People's Republic of China government ministry

The Ministry of Industry and Information Technology (MIIT) is the sixth-ranked executive department of the State Council of the People's Republic of China. It is responsible for regulation and development of the postal service, Internet, wireless, broadcasting, communications, production of electronic and information goods, software industry and the promotion of the national knowledge economy.

== History ==
In 2004, the MIIT began the Connecting Every Village Project to promote universal access to telecommunication and internet services in rural China. The MIIT required that six state-owned companies, including the main telecommunications and internet providers China Mobile, China Unicom, and China Telecom, build the communications infrastructure and assist in financing the project. Beginning in late 2009, the program began building rural telecenters each of which had at least one telephone, computer, and internet connectivity. Approximately 90,000 rural telecenters were built by 2011. As of December 2019, 135 million rural households had used broadband internet.
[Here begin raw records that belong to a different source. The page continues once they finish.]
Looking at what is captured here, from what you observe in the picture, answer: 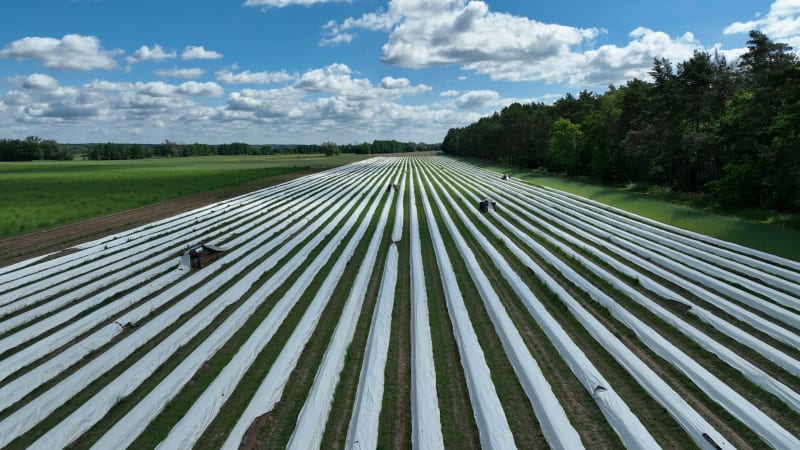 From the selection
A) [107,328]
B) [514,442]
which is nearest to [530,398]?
[514,442]

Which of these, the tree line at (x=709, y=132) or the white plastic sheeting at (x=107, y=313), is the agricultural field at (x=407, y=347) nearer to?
Answer: the white plastic sheeting at (x=107, y=313)

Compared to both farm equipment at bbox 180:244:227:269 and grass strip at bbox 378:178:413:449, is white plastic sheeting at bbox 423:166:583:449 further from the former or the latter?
farm equipment at bbox 180:244:227:269

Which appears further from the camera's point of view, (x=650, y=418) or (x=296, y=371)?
(x=296, y=371)

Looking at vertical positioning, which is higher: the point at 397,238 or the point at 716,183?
the point at 716,183

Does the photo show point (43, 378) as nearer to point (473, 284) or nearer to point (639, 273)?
point (473, 284)

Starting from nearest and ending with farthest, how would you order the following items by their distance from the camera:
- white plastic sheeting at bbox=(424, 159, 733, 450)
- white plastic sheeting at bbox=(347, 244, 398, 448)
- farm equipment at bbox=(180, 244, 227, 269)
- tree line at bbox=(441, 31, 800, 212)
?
white plastic sheeting at bbox=(424, 159, 733, 450)
white plastic sheeting at bbox=(347, 244, 398, 448)
farm equipment at bbox=(180, 244, 227, 269)
tree line at bbox=(441, 31, 800, 212)

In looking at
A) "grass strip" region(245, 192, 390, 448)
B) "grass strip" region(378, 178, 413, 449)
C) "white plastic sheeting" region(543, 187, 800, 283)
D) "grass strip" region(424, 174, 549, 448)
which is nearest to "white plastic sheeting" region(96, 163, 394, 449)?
"grass strip" region(245, 192, 390, 448) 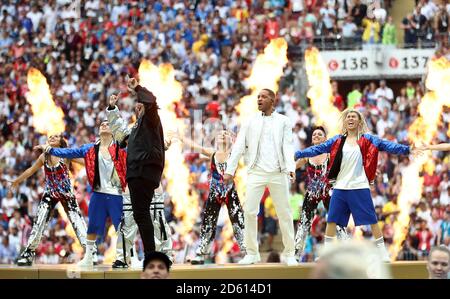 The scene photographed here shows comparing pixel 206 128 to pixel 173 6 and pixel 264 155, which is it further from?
pixel 173 6

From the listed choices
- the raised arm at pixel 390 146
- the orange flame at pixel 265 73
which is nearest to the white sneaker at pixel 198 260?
the raised arm at pixel 390 146

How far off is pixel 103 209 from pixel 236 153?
5.18 ft

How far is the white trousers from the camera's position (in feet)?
40.4

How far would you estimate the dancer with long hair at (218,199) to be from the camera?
13258 mm

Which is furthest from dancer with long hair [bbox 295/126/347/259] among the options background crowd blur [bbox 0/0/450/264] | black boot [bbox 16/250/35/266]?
background crowd blur [bbox 0/0/450/264]

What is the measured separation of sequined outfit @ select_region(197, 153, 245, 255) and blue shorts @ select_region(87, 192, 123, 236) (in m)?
1.04

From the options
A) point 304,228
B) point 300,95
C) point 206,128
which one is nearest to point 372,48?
point 300,95

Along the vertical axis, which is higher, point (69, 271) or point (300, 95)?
point (300, 95)

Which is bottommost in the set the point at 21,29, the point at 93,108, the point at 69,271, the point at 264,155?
the point at 69,271

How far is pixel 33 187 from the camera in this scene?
21.3 meters

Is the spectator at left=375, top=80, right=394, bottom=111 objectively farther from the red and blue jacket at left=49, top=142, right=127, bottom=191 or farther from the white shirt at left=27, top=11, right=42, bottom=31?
the red and blue jacket at left=49, top=142, right=127, bottom=191

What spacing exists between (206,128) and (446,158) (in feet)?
13.3

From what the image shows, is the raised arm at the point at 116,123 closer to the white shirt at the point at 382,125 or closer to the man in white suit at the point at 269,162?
the man in white suit at the point at 269,162

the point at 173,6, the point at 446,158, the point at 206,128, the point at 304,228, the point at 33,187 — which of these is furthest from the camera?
the point at 173,6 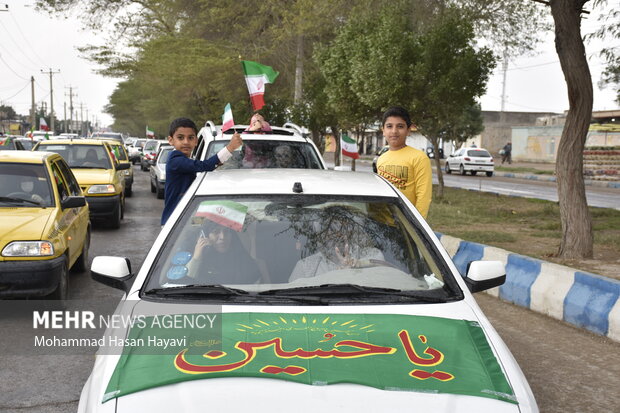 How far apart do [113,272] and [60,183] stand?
4532 mm

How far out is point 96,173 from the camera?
12.9 meters

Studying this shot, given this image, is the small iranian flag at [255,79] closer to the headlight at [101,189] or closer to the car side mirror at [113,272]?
the headlight at [101,189]

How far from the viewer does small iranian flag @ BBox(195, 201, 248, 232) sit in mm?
3689

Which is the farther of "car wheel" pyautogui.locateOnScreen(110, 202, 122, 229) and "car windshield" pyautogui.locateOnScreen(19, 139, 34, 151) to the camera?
"car windshield" pyautogui.locateOnScreen(19, 139, 34, 151)

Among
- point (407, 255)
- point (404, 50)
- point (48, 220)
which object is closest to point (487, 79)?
point (404, 50)

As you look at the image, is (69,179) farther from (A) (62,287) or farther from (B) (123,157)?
(B) (123,157)

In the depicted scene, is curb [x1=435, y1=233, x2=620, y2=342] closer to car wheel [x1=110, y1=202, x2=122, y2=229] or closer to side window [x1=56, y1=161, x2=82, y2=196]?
side window [x1=56, y1=161, x2=82, y2=196]

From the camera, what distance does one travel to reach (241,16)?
30.8 meters

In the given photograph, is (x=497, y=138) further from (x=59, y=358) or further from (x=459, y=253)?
(x=59, y=358)

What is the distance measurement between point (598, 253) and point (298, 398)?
30.4 feet

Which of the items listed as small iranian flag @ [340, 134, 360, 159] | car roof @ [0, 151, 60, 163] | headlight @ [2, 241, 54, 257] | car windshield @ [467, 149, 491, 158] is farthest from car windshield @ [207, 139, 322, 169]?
car windshield @ [467, 149, 491, 158]

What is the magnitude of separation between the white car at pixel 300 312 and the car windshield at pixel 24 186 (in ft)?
11.5

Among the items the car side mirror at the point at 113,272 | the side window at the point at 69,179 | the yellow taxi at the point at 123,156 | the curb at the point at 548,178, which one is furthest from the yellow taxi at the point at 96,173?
the curb at the point at 548,178

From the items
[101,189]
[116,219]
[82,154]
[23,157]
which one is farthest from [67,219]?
[82,154] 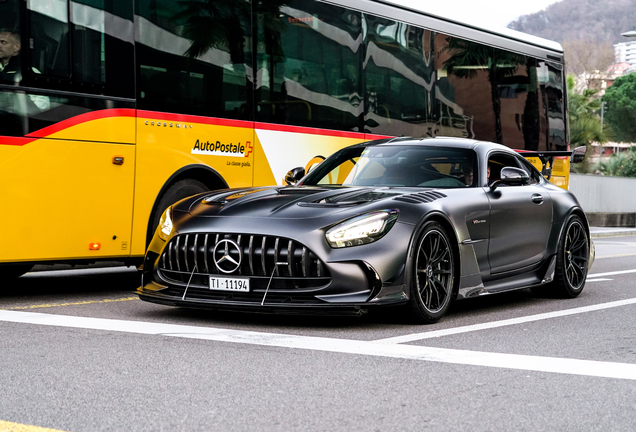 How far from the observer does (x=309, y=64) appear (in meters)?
11.4

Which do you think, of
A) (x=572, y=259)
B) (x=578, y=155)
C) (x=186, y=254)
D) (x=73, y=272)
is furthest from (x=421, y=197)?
(x=578, y=155)

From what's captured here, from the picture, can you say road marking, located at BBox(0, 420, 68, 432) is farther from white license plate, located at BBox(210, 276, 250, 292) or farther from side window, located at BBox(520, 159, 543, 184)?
side window, located at BBox(520, 159, 543, 184)

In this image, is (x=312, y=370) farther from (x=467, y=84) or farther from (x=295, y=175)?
(x=467, y=84)

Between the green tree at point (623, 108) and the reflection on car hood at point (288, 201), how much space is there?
81003 mm

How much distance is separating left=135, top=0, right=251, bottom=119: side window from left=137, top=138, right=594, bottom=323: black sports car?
67.9 inches

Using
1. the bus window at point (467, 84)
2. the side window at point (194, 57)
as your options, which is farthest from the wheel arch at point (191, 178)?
the bus window at point (467, 84)

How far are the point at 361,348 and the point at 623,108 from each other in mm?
85585

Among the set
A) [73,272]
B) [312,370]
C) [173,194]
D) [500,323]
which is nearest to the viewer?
[312,370]

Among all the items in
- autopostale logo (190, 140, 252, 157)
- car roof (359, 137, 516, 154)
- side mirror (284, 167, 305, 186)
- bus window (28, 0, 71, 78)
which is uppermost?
bus window (28, 0, 71, 78)

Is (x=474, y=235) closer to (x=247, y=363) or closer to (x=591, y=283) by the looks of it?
(x=247, y=363)

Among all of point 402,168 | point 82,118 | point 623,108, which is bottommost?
point 402,168

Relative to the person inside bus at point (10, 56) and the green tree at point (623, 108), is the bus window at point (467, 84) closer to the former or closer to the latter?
the person inside bus at point (10, 56)

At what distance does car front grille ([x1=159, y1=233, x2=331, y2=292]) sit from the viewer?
666 centimetres

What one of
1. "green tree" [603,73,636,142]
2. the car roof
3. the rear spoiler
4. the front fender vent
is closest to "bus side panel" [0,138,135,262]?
the car roof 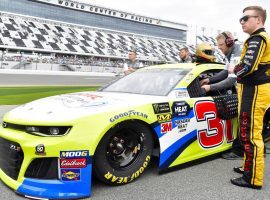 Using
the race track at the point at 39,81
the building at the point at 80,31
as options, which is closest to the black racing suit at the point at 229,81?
the race track at the point at 39,81

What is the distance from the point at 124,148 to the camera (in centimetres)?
317

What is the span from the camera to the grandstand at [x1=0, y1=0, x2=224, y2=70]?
54094 mm

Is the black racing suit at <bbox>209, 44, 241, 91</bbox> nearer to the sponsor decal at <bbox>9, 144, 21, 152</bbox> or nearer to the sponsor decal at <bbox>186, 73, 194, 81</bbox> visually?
the sponsor decal at <bbox>186, 73, 194, 81</bbox>

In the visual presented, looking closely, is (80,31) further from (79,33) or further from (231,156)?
(231,156)

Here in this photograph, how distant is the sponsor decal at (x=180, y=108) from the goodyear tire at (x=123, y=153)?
0.42 metres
The program successfully extended internet infrastructure throughout rural China and promoted development of the internet.

The State Council announced during the 1st session of the 11th National People's Congress that the MIIT would supersede the Ministry of Information Industry (MII).'

In 2013, the Ministry of Industry and Information Technology convened a group of scholars and technical experts to prepare a report about how China could become a manufacturing superpower; this report later developed into Made in China 2025. Later that year, the ministry's Made in China 2025 plan was approved by the State Council. It took over two years to draft by a working group of one hundred and fifty people. The plan's aim was to improve production efficiency and quality.

In summer 2021, MIIT began a six-month long regulatory campaign to address a variety of consumer protection and unfair competition issues, including interoperability concerns, in the consumer internet sector. It held meetings with executives from major Chinese tech companies and instructed them that their companies could no longer block external links to competitors.

== Functions ==
The ministry is responsible for industrial development, policy, and standards. It also oversees industry operations monitoring, innovation, and information technology and approves fixed-asset investment projects in industry, communications, and information technology.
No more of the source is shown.